[[ Dataset extract open ]]

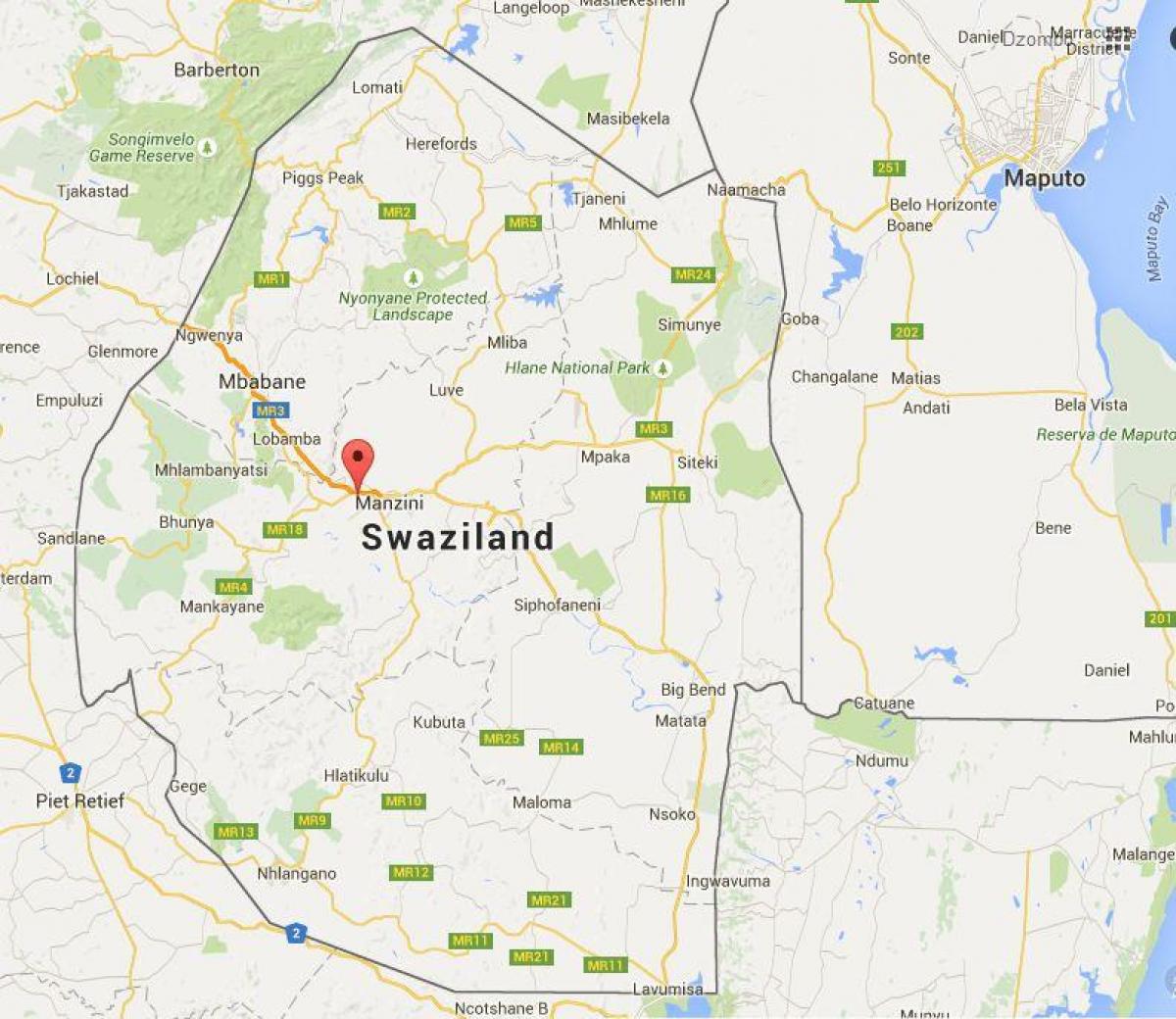 Mapa ng matsapha Swaziland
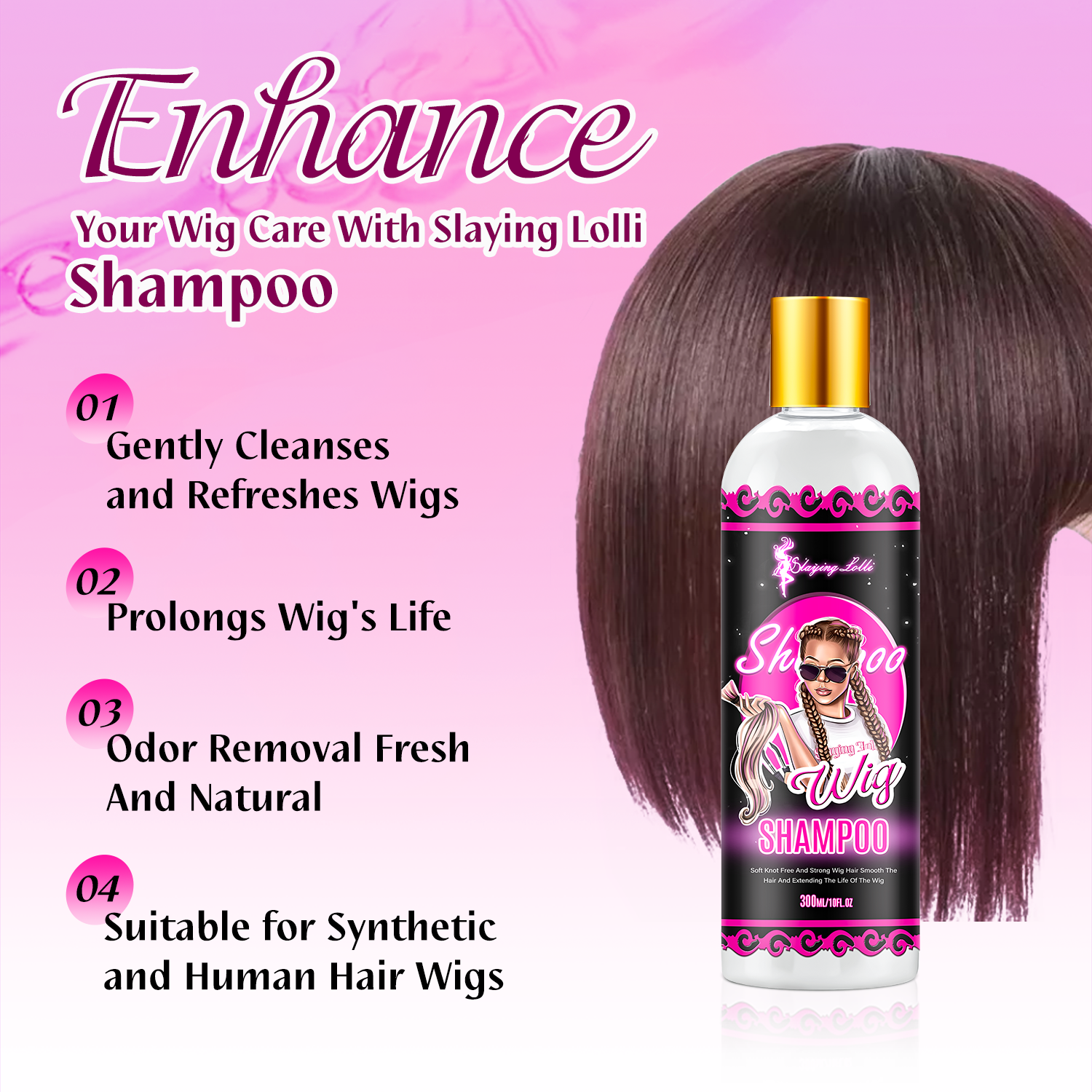 Private Label &amp; OEM/ODM Natural Organic Castor Oil Strengthening Repair Wig Hair Shampoo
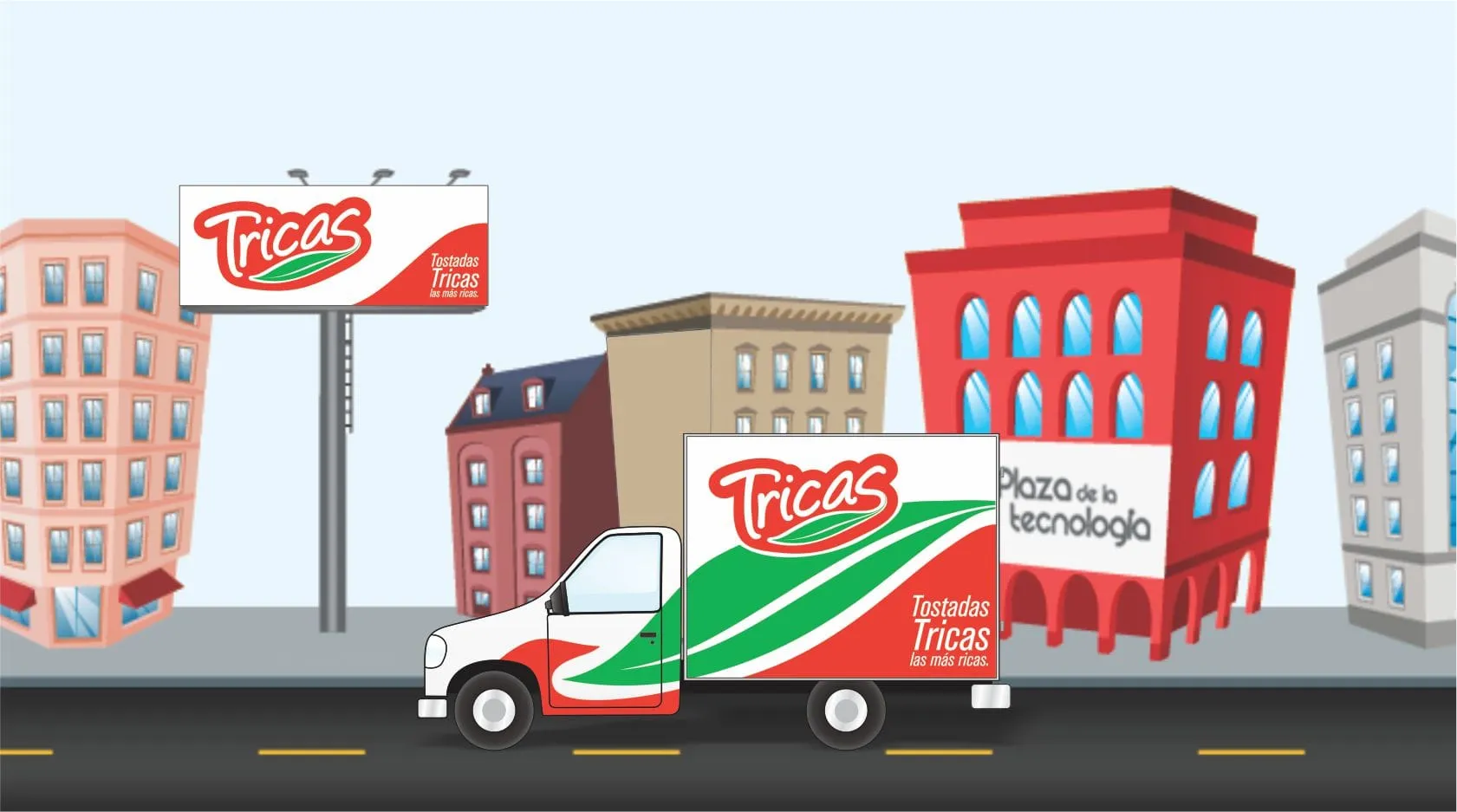 Illustrated Tostadas Tricas branded delivery truck driving through a colorful city street with buildings and a Tricas billboard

[[ Dataset extract closed ]]

What the task requires: Set down the material exactly, every line of it, except for the pictures.

Task solution:
 Mapa ng matsapha Swaziland
 Private Label &amp; OEM/ODM Natural Organic Castor Oil Strengthening Repair Wig Hair Shampoo
 Illustrated Tostadas Tricas branded delivery truck driving through a colorful city street with buildings and a Tricas billboard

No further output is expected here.